(Note: This Bus Stop is giving up internal pictures for Lent.)
We are now into our fifth day of testing, at the first Sunday of Lent.
We read the Gospel of Luke and see how Jesus spent forty days and forty nights being tested in the wilderness, but that reading is nothing like what any of us face today, or faced in the past four days, or will face in the next thirty-five days.
We have not given up all food, I am sure. Maybe one type of food, like Facebook?
Please, do not see this holy period of time as like a New Year’s resolution. There is no comparison to be made to such whims. No one expects you to sacrifice for forty days. It is completely voluntary; but entering a wilderness means going into a place of difficulty.
We read from Deuteronomy today, which might not seem to be a good match to Jesus in the wilderness.
The word “Deuteronomy” means “Second Law.” Therefore, we are reading what Moses was adding to the laws he had previously brought down from the mountain. New laws were reminding the Israelites of the Covenant they had with the Lord and how that must be maintained forever.
Moses wrote to the Israelites as they were about to embark into the Promised Land.
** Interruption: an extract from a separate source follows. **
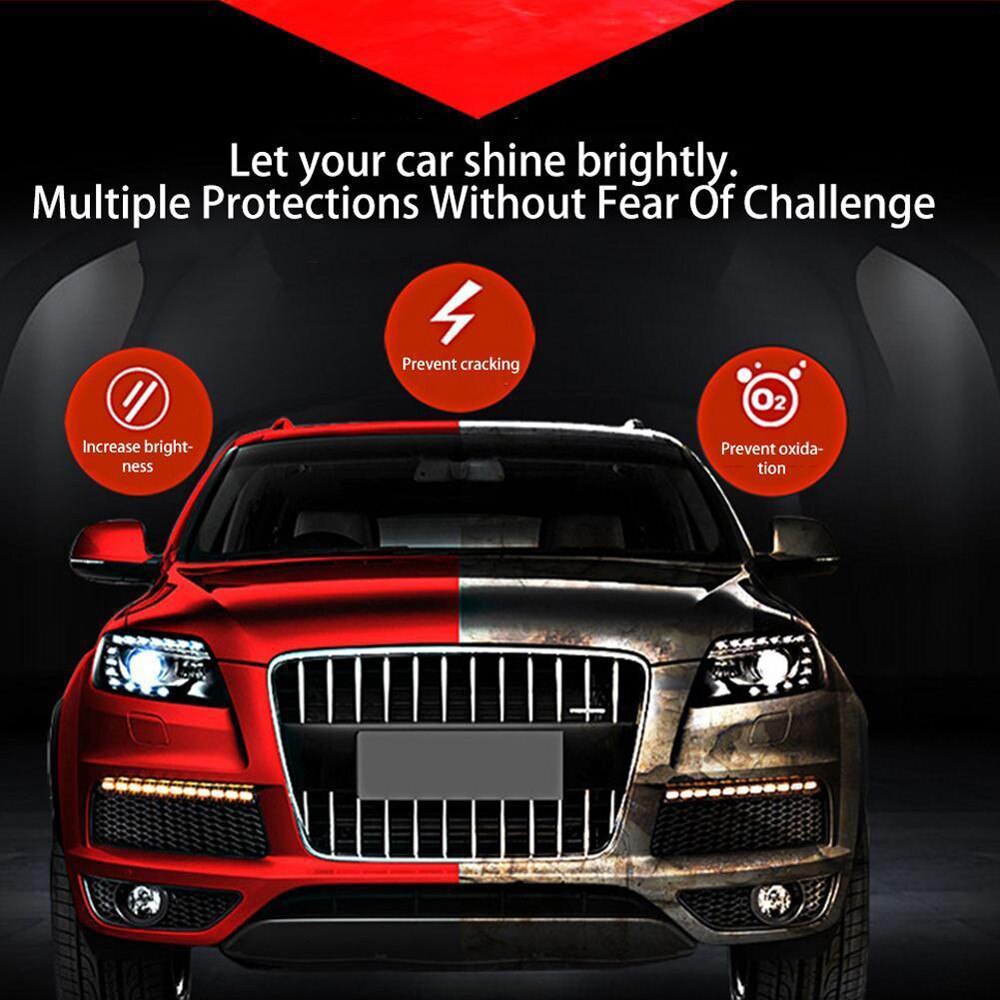 Revêtement en céramique Super hydrophobe | Liquide d'oxydation de voiture 30ML 9H ensemble de revêtement de verre pour bmw pour toyota pour volvo pour ford **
Thus, what we read today is the addition, as what they must then do to remember God had fulfilled his end of the bargain for gift land.
They had to make an offering of the harvest, “the first of the fruit of the ground that the LORD had given.”
What we have to realize is that the first fruit of the ground comes after hard work and good weather. Therefore, the Promised Land, “flowing with milk and honey,” was their wilderness.
The Israelites were not going to be given squat, without them earning what they got. Every blessing from the LORD would come from a test of their faith.
We too live in a land flowing with milk and honey, which makes our testing in that kind of wilderness more difficult to prove one’s faith. Our land makes sin so readily available that our focus is distracted. It moves away from within, where external food does little to feed the soul. Instead, our senses are lured by all the shiny lights and catchy sounds that are external to us. All that delight and din catches our eyes and ears.
I recall one of my aunts talking about a “sugar teat” when I was a young boy. The term has been replaced by “pacifier” today, as both were and are forms of keeping a baby pacified … calm and quiet.
One reason babies cry is because they are hungry, with the most natural form of food for an infant being its mother’s breast. Mother’s milk is sweet to the baby’s taste.
Babies, of course, are not expected to be left alone in a wilderness for forty days. A baby is only concerned with growing its physical body, not its spiritual body within. After all, it just came from the ethereal into that new body.
Adults are expected to grow into a sense of sacrifice for other bodies, where the inner spiritual needs of one will become the food for thought a tested servant of God will take to the world, out of the wilderness.
But, adults have a tendency to grow into bigger babies. Their cries for self-serving needs never seems to stop.
A sugar tit was a cloth with some sugar placed in it, tied with string so it formed a bulb, which was placed in the baby’s mouth. It’s sucking activated saliva, which dissolved the sugar and satisfied the baby’s hunger needs.
It was a surrogate for flowing sweet milk … milk and honey … mother’s milk. It is not a necessity for the baby … in fact it can cause harm to a baby, for it to suck on sugar too often. It is then a quick fix to a problem that cries, “Give me the proper attention I need!”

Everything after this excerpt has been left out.